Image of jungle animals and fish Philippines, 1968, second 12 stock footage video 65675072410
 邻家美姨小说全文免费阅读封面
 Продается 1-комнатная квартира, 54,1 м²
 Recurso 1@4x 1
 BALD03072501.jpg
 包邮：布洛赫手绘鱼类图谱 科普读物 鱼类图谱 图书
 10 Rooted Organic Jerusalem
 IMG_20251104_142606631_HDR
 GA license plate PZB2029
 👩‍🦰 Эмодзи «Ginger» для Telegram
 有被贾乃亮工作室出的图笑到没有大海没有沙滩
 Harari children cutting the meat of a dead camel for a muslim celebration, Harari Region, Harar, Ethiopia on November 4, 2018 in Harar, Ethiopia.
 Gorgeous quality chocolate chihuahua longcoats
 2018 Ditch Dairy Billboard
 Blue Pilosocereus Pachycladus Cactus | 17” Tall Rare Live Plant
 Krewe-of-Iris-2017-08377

==========

**What you have to do:**
The answer must reproduce every record exactly.

**Finished exercise:**
Image of jungle animals and fish Philippines, 1968, second 12 stock footage video 65675072410
 邻家美姨小说全文免费阅读封面
 Продается 1-комнатная квартира, 54,1 м²
 Recurso 1@4x 1
 BALD03072501.jpg
 包邮：布洛赫手绘鱼类图谱 科普读物 鱼类图谱 图书
 10 Rooted Organic Jerusalem
 IMG_20251104_142606631_HDR
 GA license plate PZB2029
 👩‍🦰 Эмодзи «Ginger» для Telegram
 有被贾乃亮工作室出的图笑到没有大海没有沙滩
 Harari children cutting the meat of a dead camel for a muslim celebration, Harari Region, Harar, Ethiopia on November 4, 2018 in Harar, Ethiopia.
 Gorgeous quality chocolate chihuahua longcoats
 2018 Ditch Dairy Billboard
 Blue Pilosocereus Pachycladus Cactus | 17” Tall Rare Live Plant
 Krewe-of-Iris-2017-08377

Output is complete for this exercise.